Na zona norte de Porto Alegre existe uma loja que vende manequins. Ali estão vários deles, na vitrine, nus (mas sem genitália: o pudor se impõe), a fitar-nos com seu sorriso fixo. Uma visão no mínimo incômoda, e que explica uma cena muito comum em antigos filmes de terror: fugindo dos bandidos, o mocinho ou a mocinha se refugiava em algum depósito escuro, cheio de manequins, e a visão destes, suas faces imóveis sinistramente iluminadas por uma débil claridade, contribuía para reforçar o clima de pesadelo.
Mais recentemente, a palavra manequim começou a ser empregada para as moças que participam em desfiles. E, num certo sentido, é adequada. Porque a indústria da moda transforma essas jovens em autômatos, em máquinas de desfilar portando os vestidos que estão sendo oferecidos ao público. A maneira de desfilar é rigidamente padronizada. Lá vêm as moças, fisionomia absolutamente impassível (sorrisos obviamente são proibidos), caminhando num passo de ave pernalta e exibindo um corpo que, inevitavelmente magro, é considerado paradigma da beleza. Manter essa magreza, nós sabemos, transforma-se numa verdadeira obsessão e nos casos mais extremos acaba conduzindo à anorexia, aquela recusa patológica do alimento que pode ter consequências catastróficas, como mostrou, em 2006 o caso da modelo Ana Carolina Reston Macan. Ansiosa por ajudar uma mãe desempregada e um pai com Alzheimer, Ana dependia muito da passarela, e, em consequência, de sua imagem corporal. Comia cada vez menos, vomitava o que comia. Acabou morrendo.
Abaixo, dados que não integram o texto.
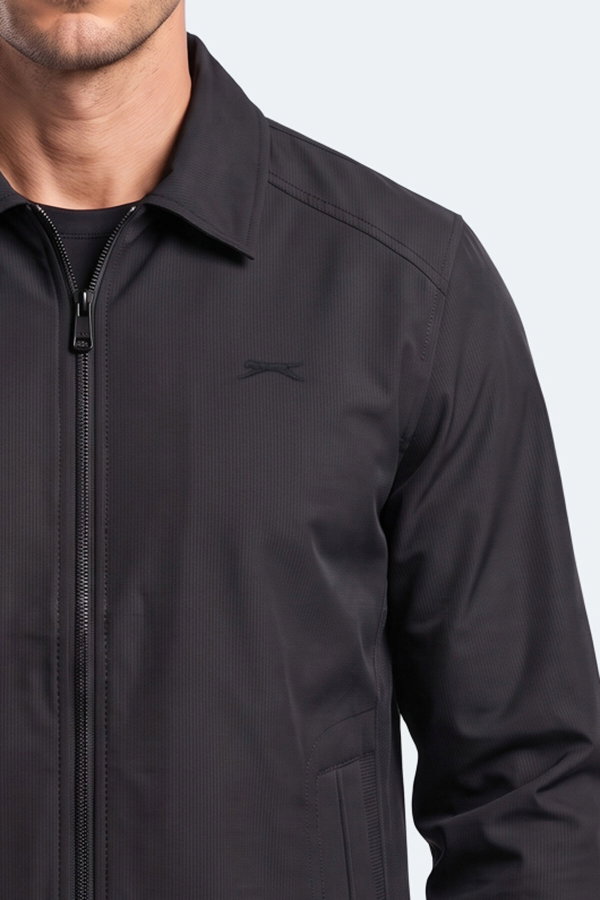 Slazenger HATE Erkek Siyah Mont & Kaban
Essas coisas vêm à lembrança agora que a supermodelo Gisele Bündchen deu à luz um menino, fruto de seu casamento com Tom Brady. O anúncio da gravidez, lembrem, gerou uma discussão: o que aconteceria com a carreira de Gisele? Poderia ela manter a aparência que a tornou famosa? Dizia-se inclusive que suas fotos haviam sido retocadas para não mostrar o ventre grávido.
Engravidar não deve ter sido, portanto, uma decisão fácil para Gisele Bündchen. O fato, porém, é que ela resolveu assumir plenamente sua condição de mulher, tornando-se mãe. O que representa isso em sua vida pessoal só a própria Gisele sabe. Mas, o que isso representa na conjuntura cultural que envolve o mundo da moda, nós podemos deduzir. O fato é que, consciente ou inconscientemente, Gisele Bündchen deu-nos um recado: modelos não são robôs, modelos são pessoas, que têm desejos, têm aspirações. Há vida na passarela, e esta vida não se resume a um desfile impassível diante de espectadores e de câmeras.
Comparem a situação de Ana Carolina com a de Gisele. De um lado, a anorexia; de outro, uma opção existencial capaz de incluir a pessoa na grande corrente da vida, uma corrente que vem de um passado muito remoto e projeta-se para o futuro, por mais incerto que seja. Se Ana Carolina estivesse viva, e se soubesse da notícia do nascimento do filho de Gisele, ela esboçaria, mesmo que estivesse desfilando, e mesmo contra a vontade de seus patrões, um tênue sorriso. O sorriso que poderia ter sido a sua salvação.